November 13, 2013
In an excellent online commentary for the New York Times, Mark Rank, a professor of social welfare at Washington University in St. Louis corrects much of the current conventional wisdom about poverty in the United States.
For example, he explains that poverty is more dispersed than is commonly recognized with respect to both time (“nearly 40 percent of Americans between the ages of 25 and 60 will experience at least one year below the official poverty line …, and 54 percent will spend a year in poverty or near poverty…”) and place (only about 10 percent of people with below-poverty annual incomes live in extremely poor urban neighborhoods).
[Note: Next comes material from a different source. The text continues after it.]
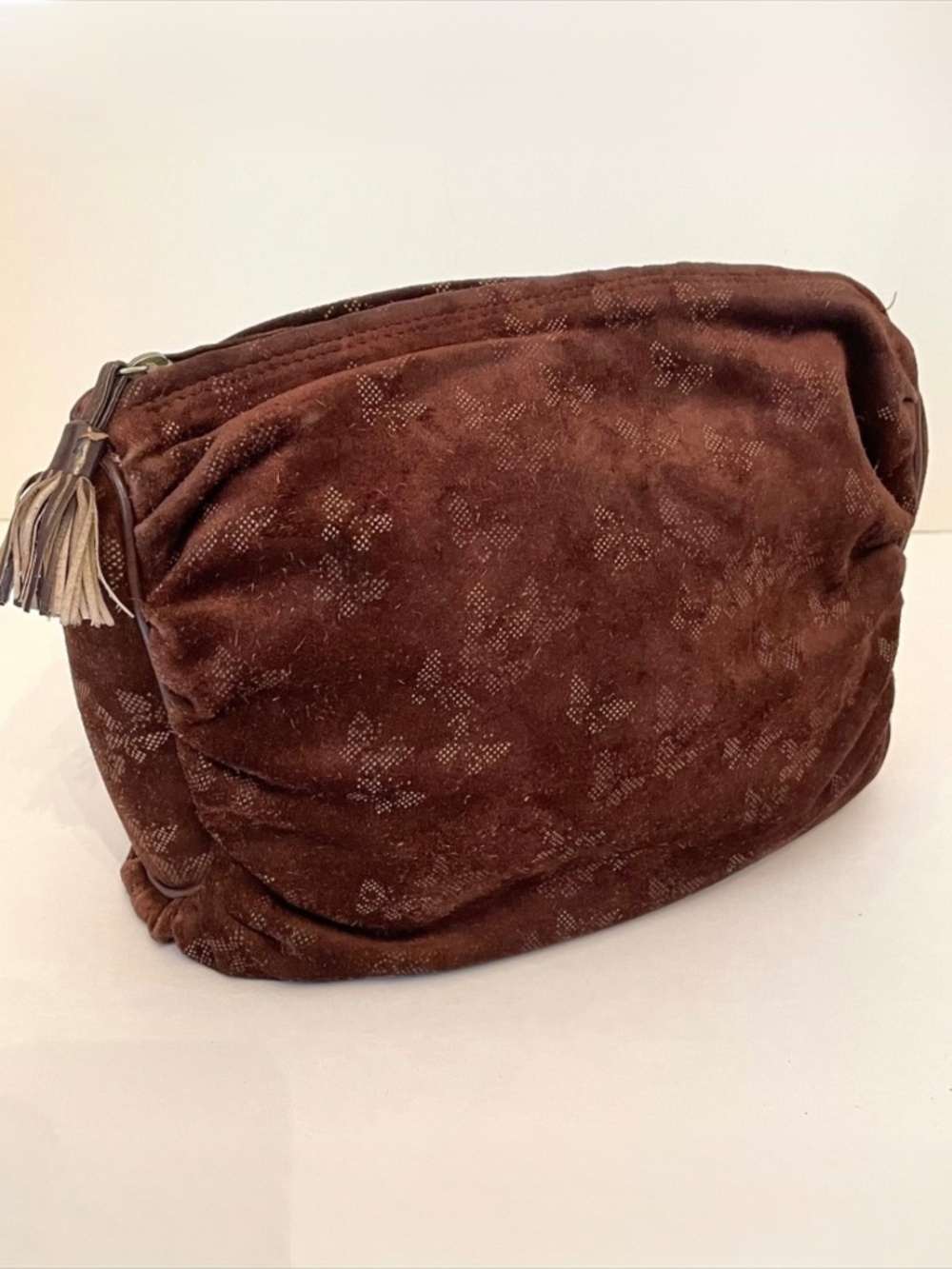 Bottega Veneta Suede Butterfly Pillow Pouch Bag Vintage Brown Leather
And he concludes by rightly noting that effective anti-poverty policies will “become a reality only when we begin to truly understand that poverty is an issue of us, rather than them.”
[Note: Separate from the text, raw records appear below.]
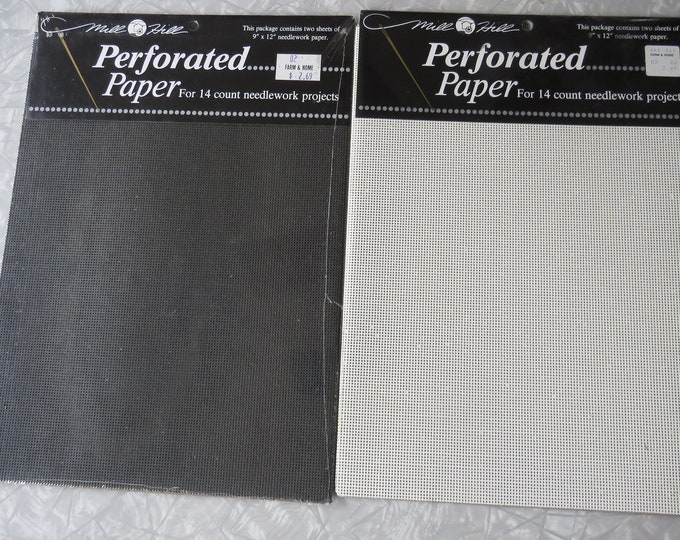 Mill Hill Perforated Paper for 14 Count Needlework Projects, two 2 9 X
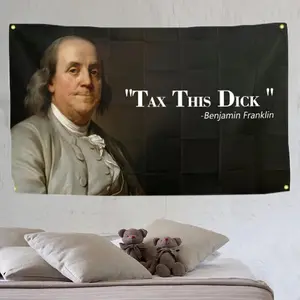 3*5ft Benjamin Franklin Tax Bendick Funny Flag Banner Decor Wall Gift Print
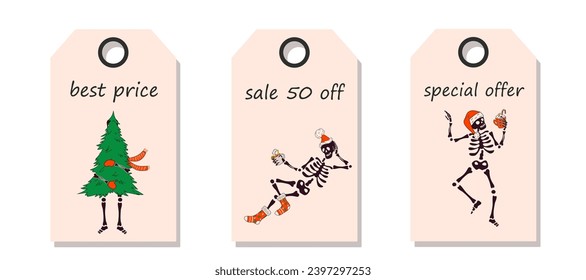 Vector set of discount price tags. Labels with Funny Skeleton with with decoration christmas. Christmas sale.	
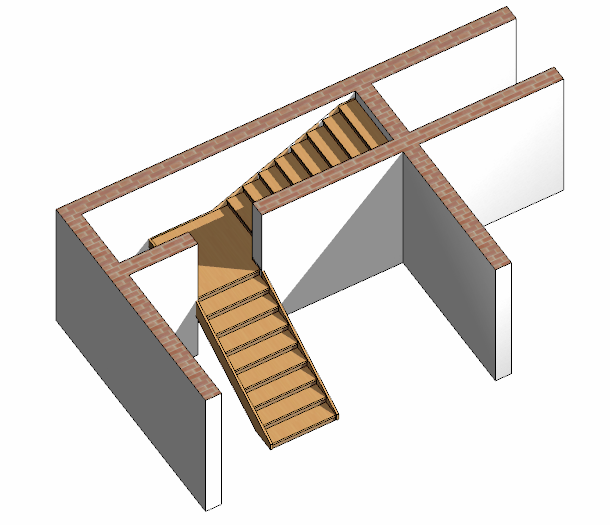 14 ARCHline.XP 2014 Tutoriál Krok 2: Rozdělení zdí pomocí čáry řezu Klikněte na zeď, kterou si přejete rozdělit. V našem případě je to zeď, kterou protíná první rameno schodiště.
That said, I do have two picky points to add.
First, while Rank correctly says that about two-thirds of people with below-poverty incomes identify as white, it’s also worth noting that many of these self-identified whites living in poverty also identify as Latino. As the table below shows, about 58 percent of people living below the line are Latino, black, Asian/Pacific Islander, or Native American. Of course, this doesn’t mean that poverty today is any less an “issue of us, rather than them.” Census projects that non-Hispanic whites will become a minority within three decades and half of all youth will people of color by the end of this decade. In short, the demographics of poverty are best viewed as a leading indicator of the real and constantly evolving American “us.”
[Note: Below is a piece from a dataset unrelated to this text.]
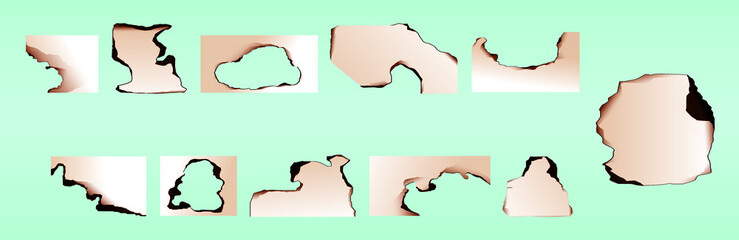 Burnt Paper scorched illustration isolated on blue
Second, while poverty is, as Rank puts it, mainstream in the United States, it’s also something that happens to the working class more than the middle class, and the upper class barely at all. Class isn’t really mentioned in Rank’s piece—or in most media discussions of poverty, except for occasional mentions of that old Charles-Murray-by way-of-Freidrich-Nieztsche chestnut: The Underclass—so it’s worth remembering that low-income people most often self-identify in class terms as working class (and not as “poor” or “lower class”).